Personal information
- Full name: Fermín Amadeo Agustín Lomba de la Pedraja
- Date of birth: 7 July 1877
- Place of birth: Marina de Cudeyo, Cantabria, Spain
- Date of death: 20 April 1946 (aged 68)
- Place of death: Madrid, Spain
- Position(s): Defender; midfielder;

Senior career*
- Years: Team / Apps / (Gls)
- 1900: Catalá FC / +4 / (0)
- 1900: Team Roig / 1 / (0)
- 1900–1901: Hispania AC / +8 / (+1)

= Fermín Lomba =

Spanish footballer (1877–1946)

Fermín Amadeo Agustín Lomba de la Pedraja (7 July 1877 – 20 April 1946) was a Spanish footballer who played as a midfielder and forward for Catalá FC and Hispania AC in 1900 and 1901, helping the later club became the first-ever to win an official title in Spanish football, the 1900–01 Copa Macaya, which was the very first football competition played on the Iberian Peninsula.

His older brother José was also a footballer.

==Early life==
Fermín Lomba was born on 7 July 1877 in Marina de Cudeyo, Cantabria, as the child of José Ramón Lomba de los Cuetos (1830–1891) and Amanda de la Pedraja Cuesta (1840–1928). He was the fifth of seven children, including José (1868–1951).

==Football career==
===Catalá FC===
Lomba moved to Barcelona in the late 19th century, to continue his studies. He began to practice football, a sport relatively unknown at the time, at the Velódromo de la Bonanova with some friends and his brother José. He developed a much more attacking game than José, who preferred to use his experience on defense. At some point in late 1899, the Lomba brothers joined the ranks of Català FC, which had just become the first football team formed in Catalonia in October. They might even have belonged to the group of football enthusiasts led by Jaime Vila that formed the club in a meeting held at the Tolosa gym, although this assumption remains unconfirmed.

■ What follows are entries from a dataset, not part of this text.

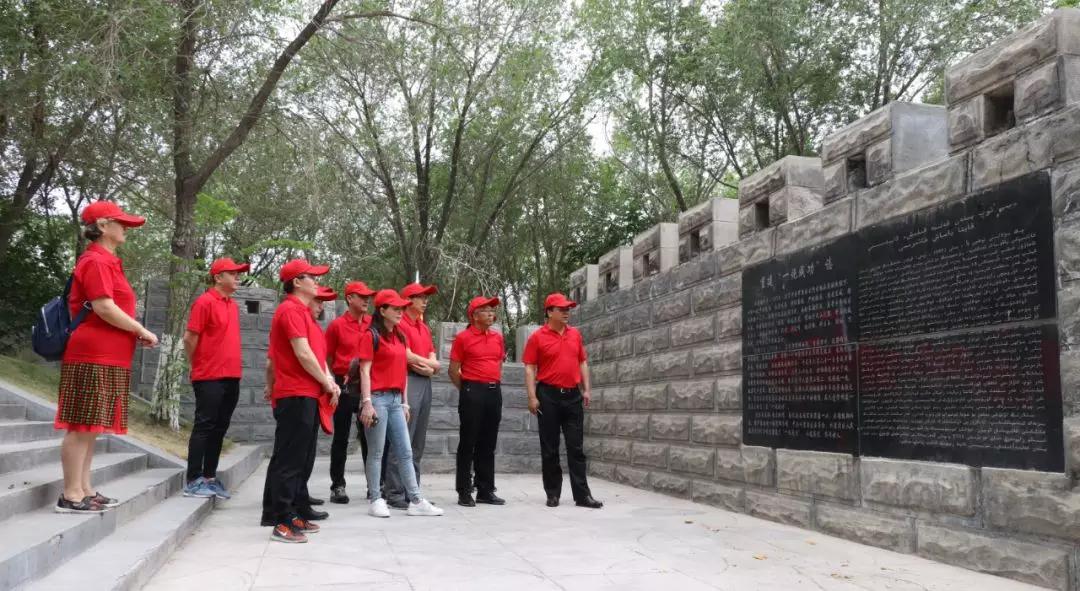 1530499038124043.jpg 微信圖片_20180702103032.jpg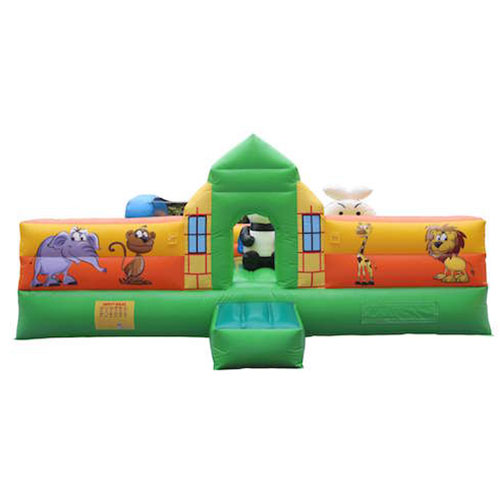 Supreme Party Rentals | 320 Cockshutt Rd Ground Floor, Brantford, ON N3T 0N3, Canada | Phone: (519) 771-3232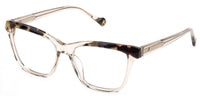 Lunettes de vue Yalea VYA181V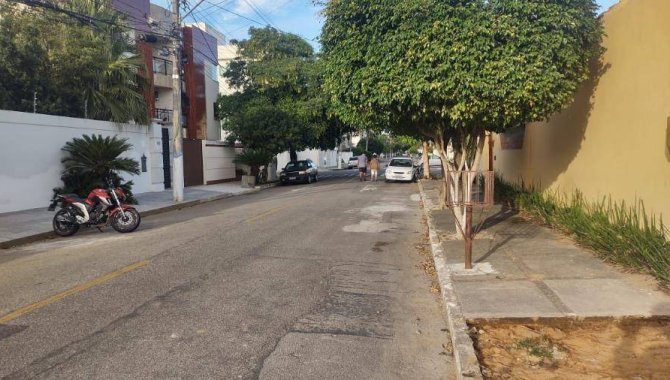 Foto - Casa 418 m² - Parque Turf Club - Campos dos Goytacazes - RJ - [5]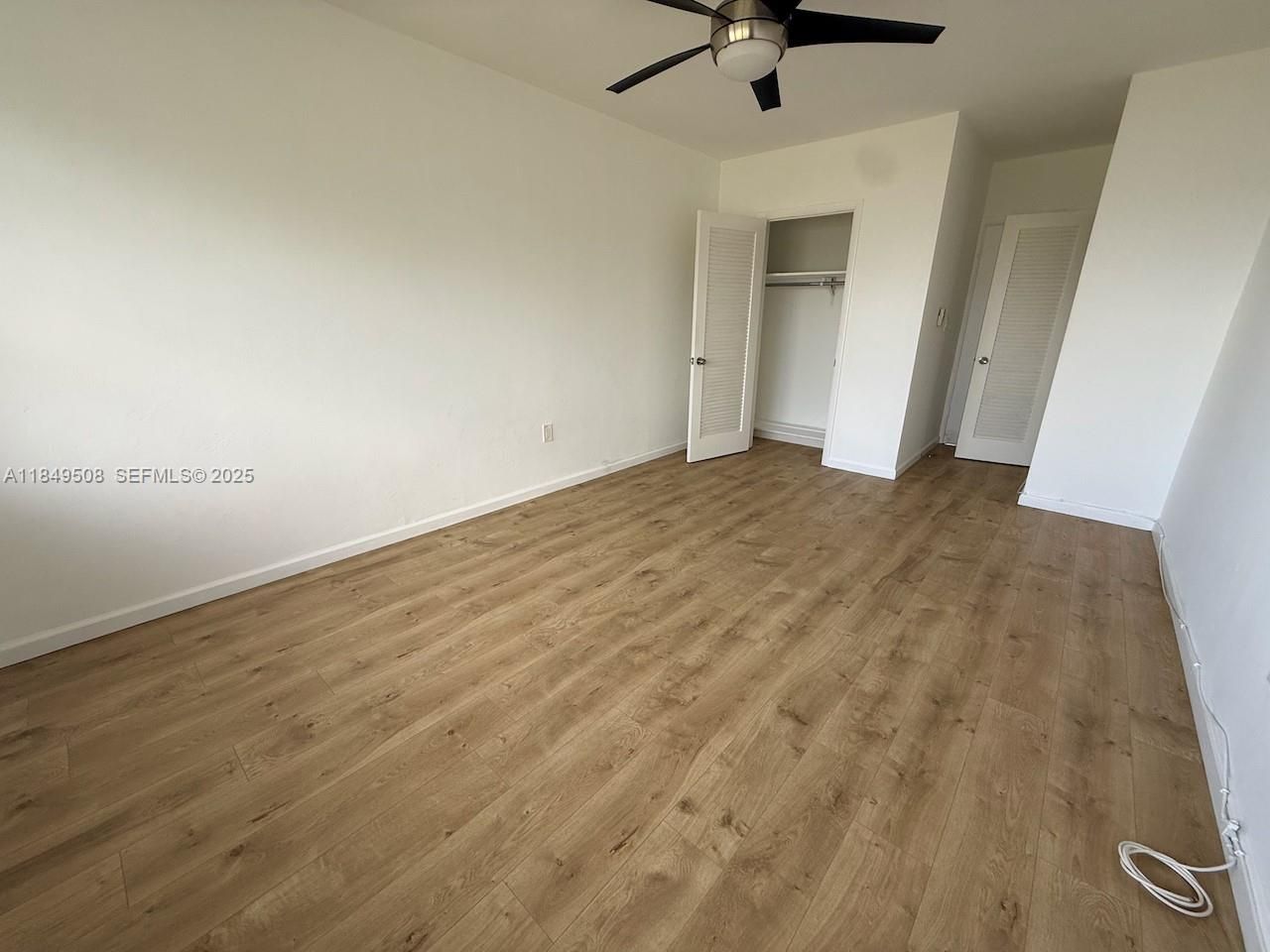 7921 East Dr, Unit 17, North Bay Village, FL 33141 Photo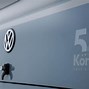 Image result for Stance VW Kombi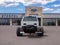 2027 Ford F-450SD XL DRW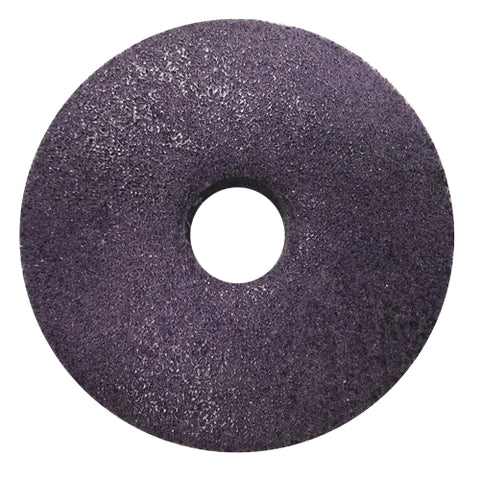 4 Inch Weha Monkey Pad for Engineered Quartz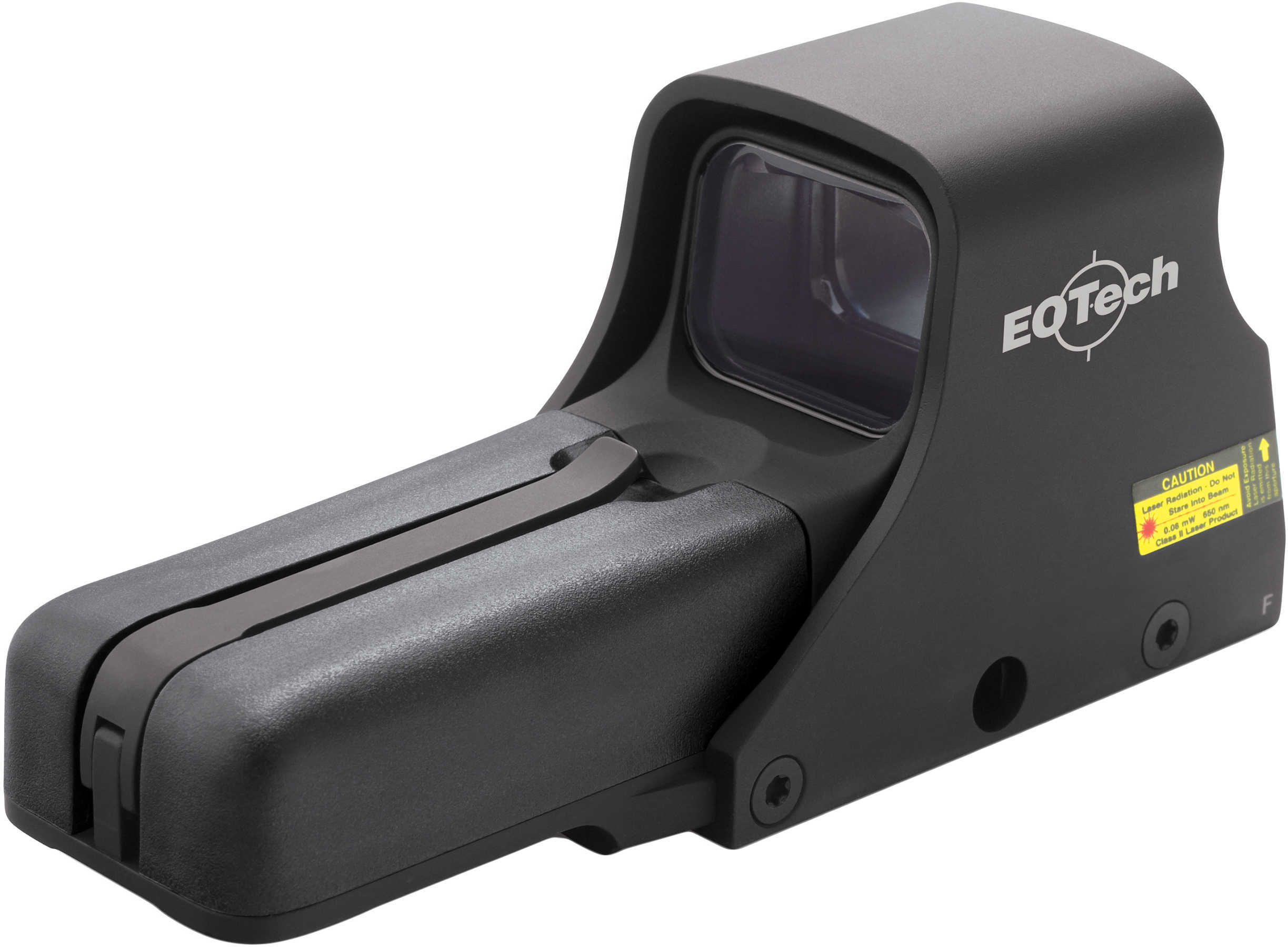 EOTECH HWS 308Win BDC AA Battery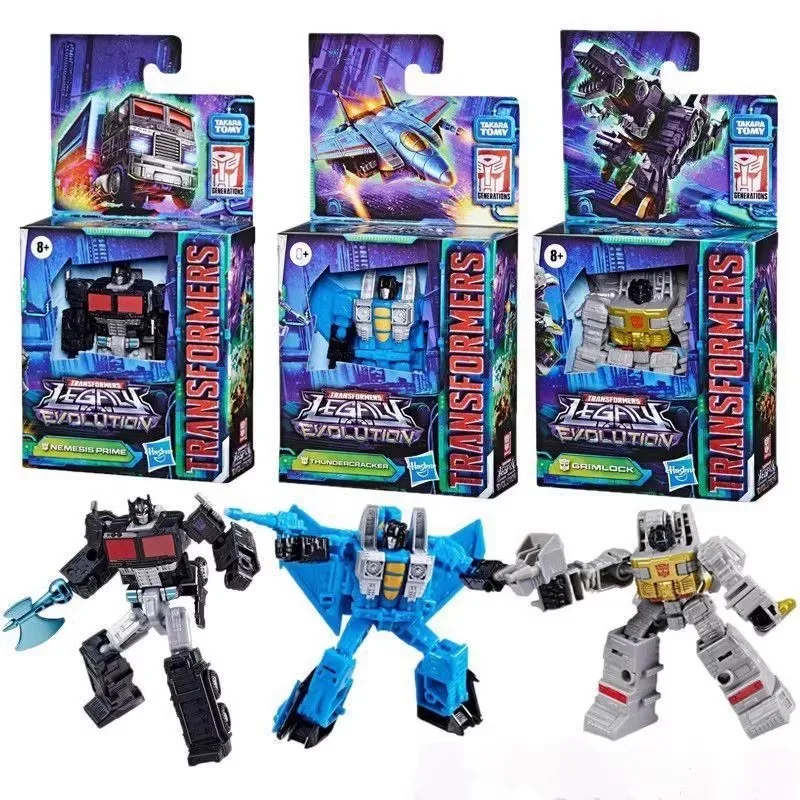 Takara Tomy Hasbro Soundwave Prime Megatron Skywarp Hot Rod Iguanus Shockwave starcry Wheelie Cheetor, украшения, фигурки, игрушки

Català was soon followed by Joan Gamper's FC Barcelona, who was suffering from a lack of players for their debut; in the end, his brother José played for Barça, the club's first-ever match. This became a running theme in their careers as Català and Barcelona kept joining the best players of each team in their next few matches, and José was always selected while Fermín never made it to the starting eleven of any of these mixed teams, and indeed, it was only with an "unmixed" Català FC side that he finally managed to make his debut on 28 January 1900, playing as a forward alongside his brother, who played as a goalkeeper in an eventual 0–6 loss. Two weeks later, however, on 11 February, Català once again combined forces with a neighboring team, this time Escocès FC, to play against FC Barcelona, and despite the inclusion of six players from Escocès, José was still selected while Fermín remained in the bench once again because although he was 9 years younger, it was his brother's experience and superior knowledge of the game that were sought after.

Between 25 February and 29 April, Català faced the Scots six times, but Català kept fielding some Escocès players, such as Gustavo Green and Joseph Black (among others), and naturally, some of the Català players were unhappy about this, especially Lomba, as it prevented him from becoming an undisputed starter once and for all. This growing dissatisfaction within the club caused him to join the group of dissent Català players who left the club to form a new one, Team Rojo, which later became Hispania AC.

===Hispania AC===
Together with Green and Carlos Soley, Lomba played in the first-ever match of Team Rojo on 24 May against FC Barcelona, which ended in a 2–1 loss. At the beginning of October 1900, the players of Team Rojo decided to legally establish themselves as a company, under the name of Hispania Athletic Club, and the board of directors was subsequently elected, with Lomba being named the club's vice-president.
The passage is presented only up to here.